Following an initial deployment in two markets, Comcast has moved forward with the national launch of xFi Pods, devices that are part of a mesh-based WiFi platform that help to extend broadband coverage to all corners of the customer’s home.
Comcast’s hexagon-shaped xFi Pods, developed in partnership with Plume, plug directly into electrical outlets and work in tandem with the MSO’s xFi Gateway and its new DOCSIS 3.1-based xFi Advanced Gateway (formerly known as the XB3) and have been integrated with the operator’s relatively new xFi WiFi management platform.
While the xFi Pods do provide an integrated connectivity layer, they also weave in an additional “intelligence” layer as the monitoring software inside has smarts to support things like dynamic/adaptive channel changes and steer a user’s device to a clean WiFi spectrum band when facing a congested environment, Srindhar Solur, Comcast’s SVP of product development for Xfinity Home and IoT, explained.

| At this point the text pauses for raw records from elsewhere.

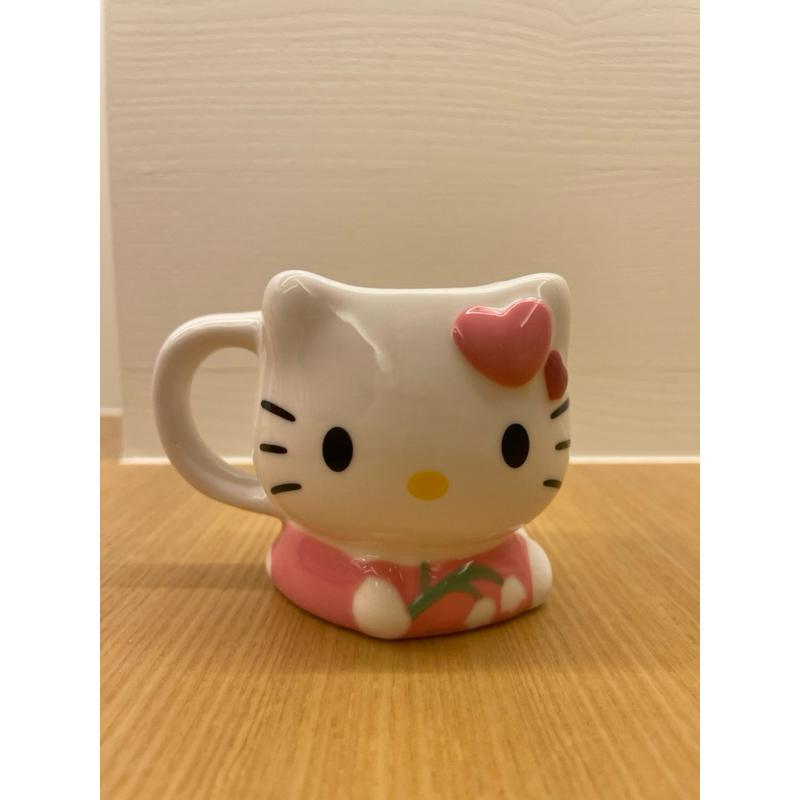 ［二手］北海道 銀の鐘 Hello Kitty陶瓷杯
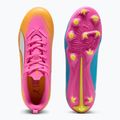 Gyerek focicipő PUMA Ultra 6 Play FG/AG Jr poison pink/puma white/sun stream/bright aqua/puma black 6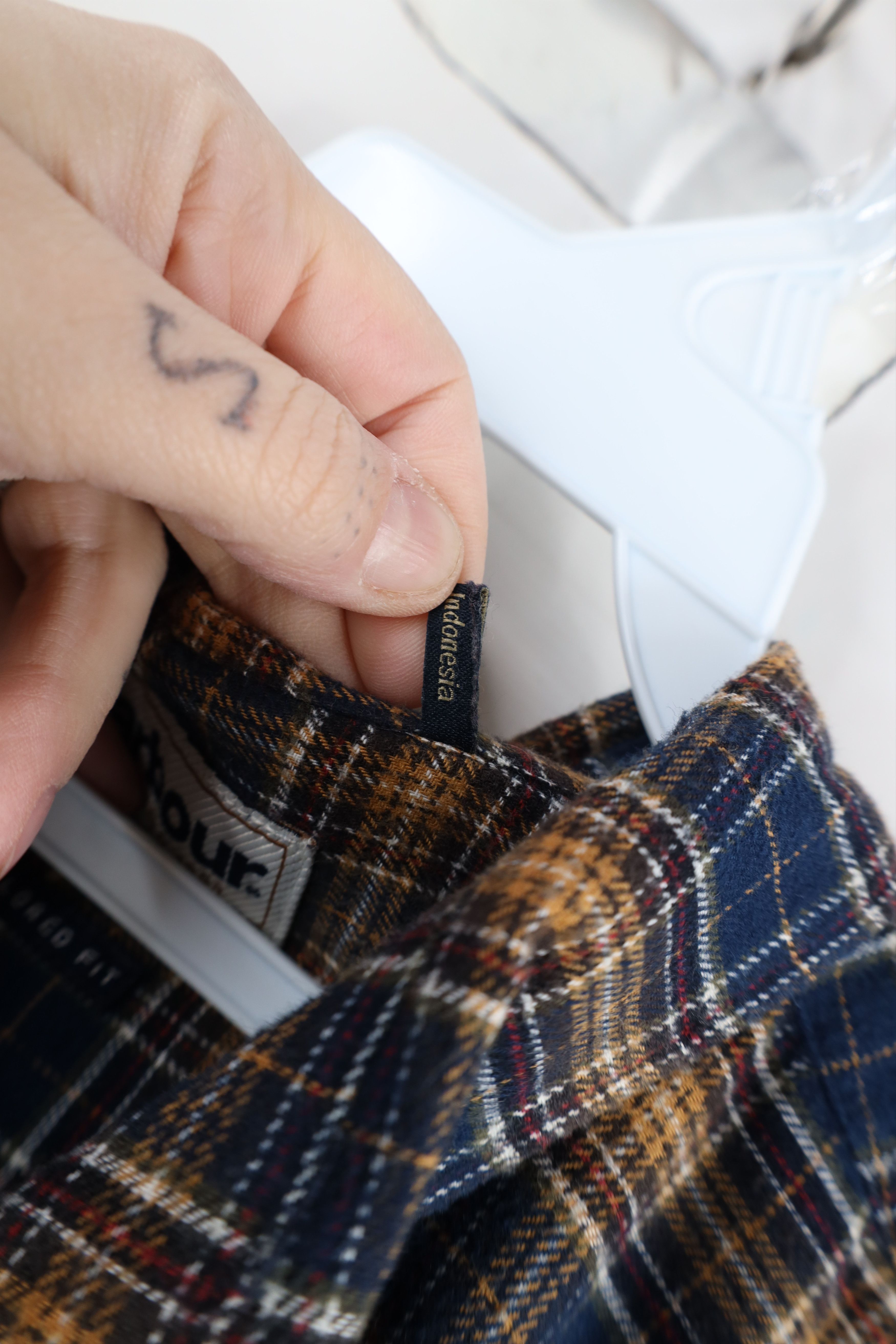 Barbour × Vintage Vintage Barbour Fit Collared Flannel Button Down Shirt Size US XXL / EU 58 / 5 - 9 Thumbnail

Comcast has also configured the xFi Pods to be auto-recognized, onboarded and activated using the xFi app when the small mesh extenders are plugged into the wall.
The national launch the xFi Pod follows an initial rollout last year in Boston and Chicago. Comcast hasn’t revealed sales figures on them, but Solur said they have resulted in higher Net Promoter Scores.
Comcast is currently selling xFi Pods in three-packs for $119 or in six-packs for $199 online and at some Xfinity retail stores. Later this year, Comcast plans to offer a monthly payment plan option for purchases of xFi Pods.
The rollout also fits with a wider trend that has seen several cable operators and other ISPs introduce premium-level whole-home WiFi products.
Comcast’s national launch also arrives as The Wi-Fi Alliance looks to drive interoperability standards into whole-home set-ups via its new “EasyMesh” initiative.
For its part, Comcast hasn’t announced any direct work with that project, though Solur said interoperability does represent a “natural progression” for this product/tech category.
“If you’re not standards-compliant, you’re not going to make that happen,” he said.